* About this exercise: Below are records with pictures; copy word for word only the lines between the line with "Unift Magical Witch" and the line with "WOODBESTS Wooden Puzzles", inclusive, and drop the pictures.

====== Supplied entries ======

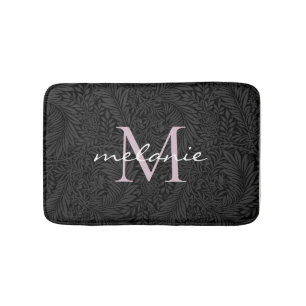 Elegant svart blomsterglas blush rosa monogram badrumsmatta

======
====== Supplied entries ======

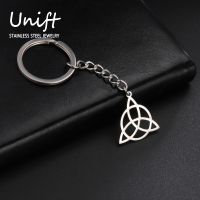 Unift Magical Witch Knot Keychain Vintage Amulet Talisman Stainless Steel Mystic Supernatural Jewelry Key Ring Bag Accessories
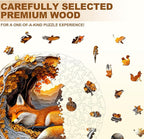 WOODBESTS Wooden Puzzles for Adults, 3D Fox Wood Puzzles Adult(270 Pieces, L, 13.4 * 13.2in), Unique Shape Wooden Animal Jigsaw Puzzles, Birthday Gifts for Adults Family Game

======

* Exercise response:
 Unift Magical Witch Knot Keychain Vintage Amulet Talisman Stainless Steel Mystic Supernatural Jewelry Key Ring Bag Accessories
 WOODBESTS Wooden Puzzles for Adults, 3D Fox Wood Puzzles Adult(270 Pieces, L, 13.4 * 13.2in), Unique Shape Wooden Animal Jigsaw Puzzles, Birthday Gifts for Adults Family Game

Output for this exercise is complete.